KPRB was a radio station operating on 1240 AM in Redmond–Bend, Oregon. It went on the air in 1952 and was taken silent in 1994 so that its owner could buy other radio stations in the Bend area. The 1240 frequency was put up for auction after KPRB's license was surrendered and returned to the air as KRDM in 2004.

==History==

KPRB signed on as KSGA on October 7, 1952, broadcasting with 250 watts. Owned by Oregon station owner Gordon Allen and Harold Singleton, it was affiliated with ABC upon signing on. Allen, however, sold the station within 9 months to founding general manager F. Gilbert Lieser; the call letters were changed on March 15, 1953 to KJUN, reflecting the name of the new ownership: Juniper Broadcasters. (Gordon Allen promptly used the KSGA call letters for the next station he started, KSGA in Cottage Grove, which launched on July 26, 1953.) Lieser then bought out Singleton's interest in KJUN that December.

KJUN was sold in 1956 to Lynn Thomas, general manager of a station at Coquille, for $50,000, with Lieser continuing on as manager. Thomas owned the station for less than two years before selling KJUN to Orlo M. Bagley of Cottage Grove, who had previously bought KSGA in Cottage Grove and changed its call letters to KOMB. Bagley relaunched KJUN as KPRB with a new program lineup at the beginning of June 1958.

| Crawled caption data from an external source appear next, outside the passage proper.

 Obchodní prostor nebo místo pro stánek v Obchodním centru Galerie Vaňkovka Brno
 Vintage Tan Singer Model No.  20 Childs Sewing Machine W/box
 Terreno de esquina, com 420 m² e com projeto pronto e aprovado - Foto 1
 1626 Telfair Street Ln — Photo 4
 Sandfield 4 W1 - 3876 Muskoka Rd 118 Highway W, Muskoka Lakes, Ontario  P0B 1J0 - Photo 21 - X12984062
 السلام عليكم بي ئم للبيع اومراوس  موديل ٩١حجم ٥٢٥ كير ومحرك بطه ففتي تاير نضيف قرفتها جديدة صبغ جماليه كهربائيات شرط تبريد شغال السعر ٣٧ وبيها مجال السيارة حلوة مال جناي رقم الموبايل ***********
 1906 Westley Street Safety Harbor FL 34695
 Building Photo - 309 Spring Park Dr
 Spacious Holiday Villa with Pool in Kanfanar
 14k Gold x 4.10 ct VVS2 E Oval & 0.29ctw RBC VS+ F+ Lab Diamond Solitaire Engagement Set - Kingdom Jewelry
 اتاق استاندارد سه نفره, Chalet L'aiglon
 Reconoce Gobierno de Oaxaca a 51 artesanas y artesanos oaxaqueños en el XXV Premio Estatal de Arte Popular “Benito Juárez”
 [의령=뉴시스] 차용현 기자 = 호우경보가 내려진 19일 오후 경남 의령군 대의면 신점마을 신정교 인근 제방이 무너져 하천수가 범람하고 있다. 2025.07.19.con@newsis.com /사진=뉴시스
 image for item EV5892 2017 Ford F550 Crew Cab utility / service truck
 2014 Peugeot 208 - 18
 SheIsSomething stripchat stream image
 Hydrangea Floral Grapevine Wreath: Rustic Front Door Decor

Bagley did not own the station long: he sold it in 1959 to Donald and Rita Anderson. In 1963, the Andersons were approved to upgrade the station to broadcast with 1,000 watts during daytime hours. However, when Don Anderson was named the fire chief of Redmond in 1967, he announced his intention to sell KPRB to devote himself to his new duties. That sale would take two years, and two attempts, to be finalized. In August 1968, the Andersons filed to sell the station to William and Willa Miller; the Federal Communications Commission approved the application in February 1969, but the purchase was not consummated. Instead, that August, KPRB was sold to Richard Ernest Combs.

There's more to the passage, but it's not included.